Storage Latency: Use 3600-second (1 hour) periods for reliable averages. 60-second periods often have zero operations, making calculations unreliable.

Log Query Tips:

  • Use specific time ranges with --start-time (epoch milliseconds)
  • Limit output with | tail -N
  • Query recent data first (last 30 minutes) before expanding range
  • Use filter patterns to reduce data transfer

Instance Store Volumes:

  • Device names: nvme1n1, nvme2n1, etc. (not EBS volume IDs)
  • No provisioned IOPS/throughput limits (hardware-limited)
  • Expected latency: <1ms reads, <2ms writes (NVMe performance)

Discovering Custom Metrics:

aws cloudwatch list-metrics \
--namespace CWAgent \
--dimensions Name=InstanceId,Value=$INSTANCE_ID \
--region $REGION | jq -r '.Metrics[] | select(.MetricName | startswith("c1_") or startswith("c2_")) | .MetricName' | sort -u

Disk Space Troubleshooting — if disk_used_percent returns no data:

# List available mount paths:
aws cloudwatch list-metrics --namespace CWAgent --dimensions Name=InstanceId,Value=$INSTANCE_ID --metric-name disk_used_percent --region $REGION | jq -r '.Metrics[] | .Dimensions[] | select(.Name == "path") | .Value' | sort -u

Then try longer time ranges (6-24 hours).
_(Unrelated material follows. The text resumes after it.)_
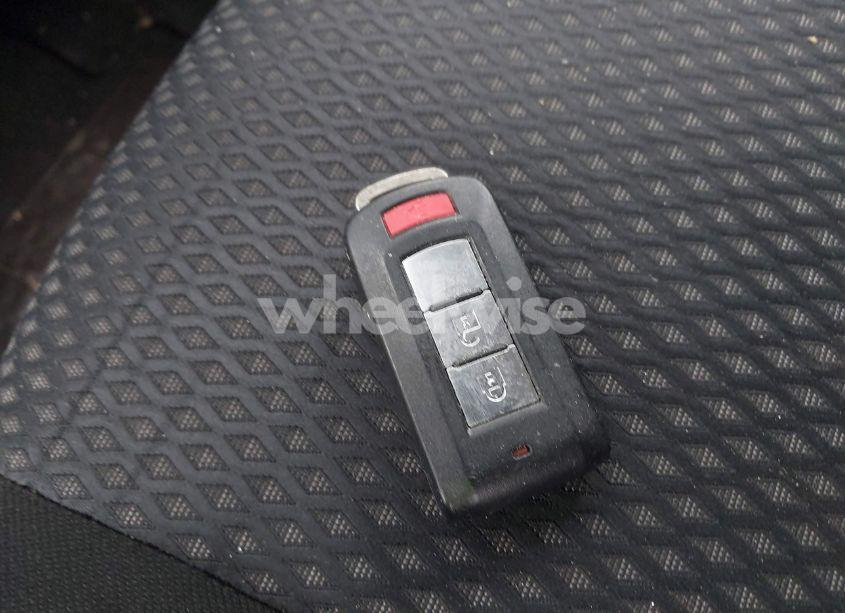 Photo 11 of 2017 Mitsubishi Outlander SE (VIN JA4AZ3A30HZ023106)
For instance store volumes, metrics may not be immediately available.

Storage Performance Thresholds

MetricExcellentGoodAcceptablePoor (bottleneck)
Read Latency<2ms<5ms5-10ms>10ms
Write Latency<5ms<10ms10-20ms>20ms
IOPS Utilization<50%<70%70-90%>90%
Throughput Utilization<50%<70%70-90%>90%
Queue Length<2<55-10>10

Protocol-Specific Considerations

Ethereum (EVM-compatible):

  • Two services: execution client and consensus client
  • Filter by "execution" or "consensus" for specific logs
  • Metrics: block height, Mgas/second, slot numbers
  • Storage: Heavy write load during sync, read-heavy when synced

Solana:

  • Single validator service
  • Filter by "node.service" only
  • Metrics: slot height, catchup status, vote credits
  • Storage: Very high IOPS requirements (recommend io2 or instance store)

Other Protocols:

  • Use "node.service" as the universal filter
  • Check protocol-specific sync indicators in logs
  • Storage requirements vary by protocol

Variant Healthchecks

For a quick status check, focus only on: service running, sync status, critical errors (last 10 minutes), CPU idle %, memory used %.

For a performance analysis, focus on: sync throughput, detailed storage analysis, CPU/memory, peer connectivity, bottleneck identification.

For a storage deep dive, focus on: all data volumes (latency, IOPS, throughput), current vs provisioned limits, queue lengths, disk space, specific optimization recommendations.

For troubleshooting, focus on: all errors/warnings in the last hour, failure patterns, resource exhaustion, traffic shaping impact, detailed remediation steps.